Piąty etap Rajdu Maroka zapowiadany był jako najbardziej zróżnicowany i trudny ze względu na brak wiatru oraz unoszące się ponad trasą tumany kurzu. Dla Rafała Sonika, mimo że zwycięski był to dodatkowo etap pełen nerwów, bo na samym początku odcinka specjalnego musiał reanimować nieprzytomnego motocyklistę.

Zaledwie 16 km od startu wyjechałem z wielkiej chmury pyłu. Na chwilę się przejaśniło i zobaczyłem, że przede mną leży rozbity motocykl, a obok niego nieprzytomny zawodnik. Była w takiej pozycji, że na pierwszy rzut oka widać było, że albo jest zupełnie zamroczony, albo stracił przytomność. Kilkanaście minut go reanimowałem. Potem wezwałem helikopter, który przyleciał po około 20 minutach. Motocyklista kiedy już się ocknął nie miał kompletnie kontaktu z rzeczywistością. Nie wiedział gdzie jest i co się stało. Musiał zbyt szybko jechać i stracić rytm na poprzecznych garbach, które wyrzuciły go w powietrze - relacjonował na mecie wciąż przejęty Sonik. Francuz Cedric Chalvin, który okazał się poszkodowanym, odzyskał kontakt z ratownikami już na pokładzie helikoptera, którym przetransportowano go do szpitala.

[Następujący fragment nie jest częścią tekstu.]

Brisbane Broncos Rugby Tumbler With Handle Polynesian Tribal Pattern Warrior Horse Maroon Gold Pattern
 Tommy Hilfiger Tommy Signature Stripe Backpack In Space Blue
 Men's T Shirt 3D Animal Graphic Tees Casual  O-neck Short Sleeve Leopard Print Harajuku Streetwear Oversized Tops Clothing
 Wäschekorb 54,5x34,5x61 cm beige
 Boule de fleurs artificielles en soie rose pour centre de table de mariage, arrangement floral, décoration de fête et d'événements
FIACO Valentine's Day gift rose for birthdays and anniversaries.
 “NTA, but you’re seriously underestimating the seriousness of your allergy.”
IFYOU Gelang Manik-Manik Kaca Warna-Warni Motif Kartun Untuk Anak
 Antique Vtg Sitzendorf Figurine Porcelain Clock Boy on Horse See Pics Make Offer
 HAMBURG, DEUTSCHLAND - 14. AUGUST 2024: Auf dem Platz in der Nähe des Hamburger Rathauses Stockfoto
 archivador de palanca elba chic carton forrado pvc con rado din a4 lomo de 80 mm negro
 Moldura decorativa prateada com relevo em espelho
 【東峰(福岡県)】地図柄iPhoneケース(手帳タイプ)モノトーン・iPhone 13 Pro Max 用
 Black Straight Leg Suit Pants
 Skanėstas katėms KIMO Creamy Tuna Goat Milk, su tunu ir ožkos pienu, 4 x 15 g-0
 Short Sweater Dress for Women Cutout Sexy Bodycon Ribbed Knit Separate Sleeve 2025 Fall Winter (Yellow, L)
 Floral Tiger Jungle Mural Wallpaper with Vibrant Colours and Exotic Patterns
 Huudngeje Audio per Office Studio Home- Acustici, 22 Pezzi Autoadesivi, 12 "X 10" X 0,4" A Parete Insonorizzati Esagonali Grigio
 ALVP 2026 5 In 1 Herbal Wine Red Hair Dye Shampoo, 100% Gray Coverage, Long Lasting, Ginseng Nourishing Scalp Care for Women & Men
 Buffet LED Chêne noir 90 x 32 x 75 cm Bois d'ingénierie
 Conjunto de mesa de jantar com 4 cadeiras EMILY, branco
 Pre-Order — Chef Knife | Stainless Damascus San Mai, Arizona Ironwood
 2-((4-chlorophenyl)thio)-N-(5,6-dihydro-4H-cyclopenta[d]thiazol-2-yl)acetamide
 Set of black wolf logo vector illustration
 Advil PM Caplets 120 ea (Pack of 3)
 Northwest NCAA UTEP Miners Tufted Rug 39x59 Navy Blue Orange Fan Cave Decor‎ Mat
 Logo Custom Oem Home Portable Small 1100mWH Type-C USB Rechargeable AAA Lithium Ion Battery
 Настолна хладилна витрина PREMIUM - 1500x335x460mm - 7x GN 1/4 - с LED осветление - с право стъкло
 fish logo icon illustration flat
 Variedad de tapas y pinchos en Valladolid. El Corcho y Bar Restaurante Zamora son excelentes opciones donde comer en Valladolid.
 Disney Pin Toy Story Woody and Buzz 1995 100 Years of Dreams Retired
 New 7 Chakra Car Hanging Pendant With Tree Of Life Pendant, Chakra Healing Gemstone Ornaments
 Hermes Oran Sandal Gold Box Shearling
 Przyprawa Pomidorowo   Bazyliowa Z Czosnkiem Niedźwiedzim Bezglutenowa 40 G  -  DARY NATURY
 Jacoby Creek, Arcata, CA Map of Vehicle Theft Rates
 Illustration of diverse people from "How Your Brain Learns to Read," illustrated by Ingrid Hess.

To nie był jednak koniec przygód kapitana Poland National Team. Emocje nie pozwalały mu złapać odpowiedniego rytmu, który był potrzebny by wyprzedzić wszystkich zawodników, którzy minęli go, kiedy on udzielał pomocy. Dodatkowo pękł mu bak. Na całe szczęście na tyle wysoko, że kiedy nie był pełny, paliwo praktycznie z niego nie wyciekało. W dalszej części odcinka, jadący przed nim motocyklista przewrócił się w fesz feszu. W tym rodzaju piachu widoczność jest ograniczona do kilku centymetrów. Nic nie widząc wjechałem na jego motocykl, ale on na całe szczęści zdążył uskoczyć. Tym razem mieliśmy szczęście - mówił Sonik.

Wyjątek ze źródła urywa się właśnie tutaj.